Staff are encouraged to make suggestions about the everyday running of the setting, as well as to contribute their own interests and skills to the nursery community.

‘Every time we were interviewing staff members, we were hearing about negative experiences, which is really hard to hear about in childcare,’ Sophia adds. ‘I genuinely believe children’s wellbeing is down to how happy the staff are. We are very aware of how important it is that staff feel valued.’

In order to build links with the wider community and promote its wellbeing focus, the nursery’s pop-up farm shop opens twice a week to parents and members of the public. Children help prepare food such as jams and chutneys, as well as items such as soaps and candles. They also serve customers.

THE FUTURE

Following its award wins, the nursery plans to offer professional development opportunities to other settings. A recipe book based on its menus and a children’s book about the nursery cat are in the works. Other than that, the focus is on consolidation of good practice and the focus on health.

‘Everyone always asks if we are going to open another setting or expand, but we really don’t have to,’ Sophia says. ‘We’ve got to a stage where it’s really manageable, we’ve got a brilliant team, and we don’t often lose staff because they don’t feel under pressure.
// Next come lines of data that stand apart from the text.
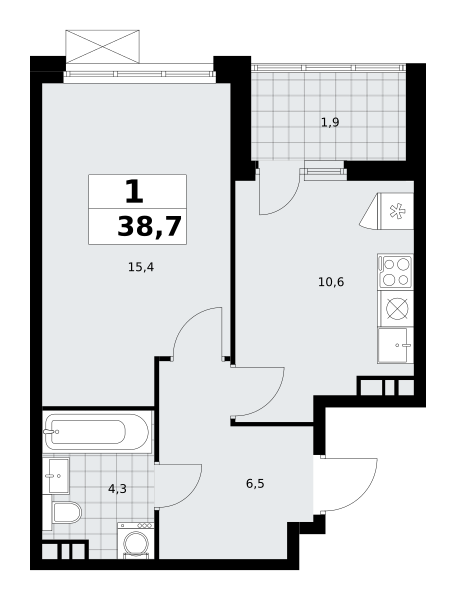 1 комната до 38.7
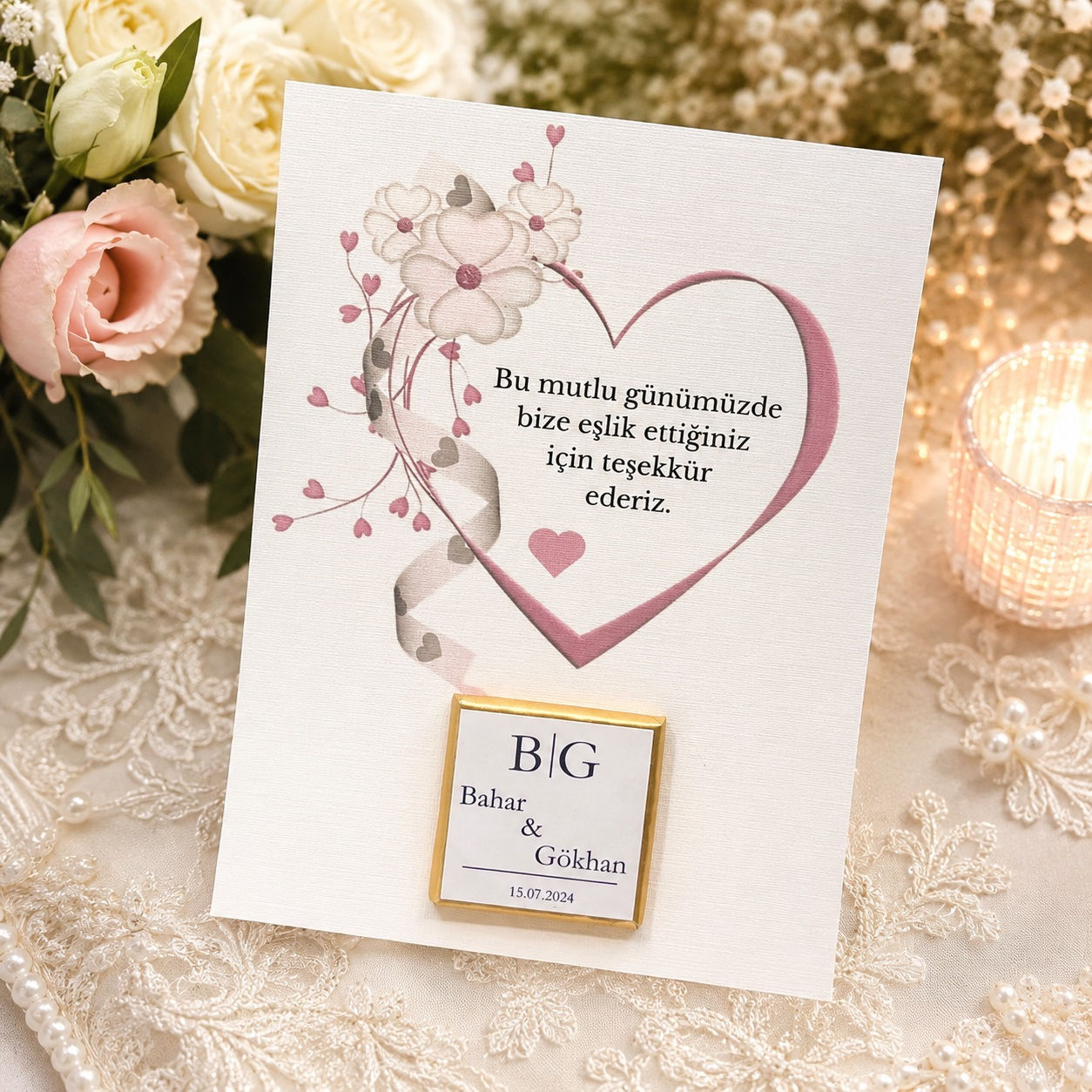 Düğün, Nikah, Söz, Nişan Çikolatası ve Teşekkür Kartı - No:10 - 35 adet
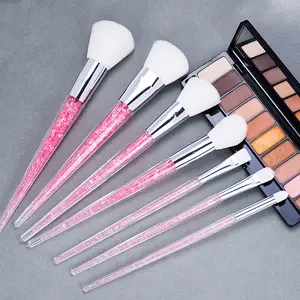 Großhandel zu verkaufen individuelles Logo Make-up Pinsel Werkzeuge gute Qualität 7 Stück rosa glitter Diamanten Make-up Pinsel-Set für Mädchen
That’s a great place to be.’

Staff wellbeing

The nursery has a strong focus on ensuring staff’s mental and emotional wellbeing, with the management team having trained as mental health first-aiders to help support the 32 members of staff.

‘We feel a real responsibility having a team of predominantly young women, who stereotypically are more affected by mental health issues,’ Sophia Colvill says. ‘We want to support them each and every day.’

Staff Star Moments are awarded to members of the team who have gone above and beyond in their practice. Colleagues nominate staff to be recognised with a gift and a display in the staff room explaining the reason for their award.

A wellbeing station in the staff room provides practitioners with resources including calming balms, scents and oils, adult colouring books, self-help books, podcast recommendations and a well-being scrapbook for sharing feelings anonymously. Healthy breakfast options are also available and flower displays are regularly replenished. An outdoor staff eating area has been set up, and the bike and buggy park has been revamped to encourage staff to walk or cycle to nursery.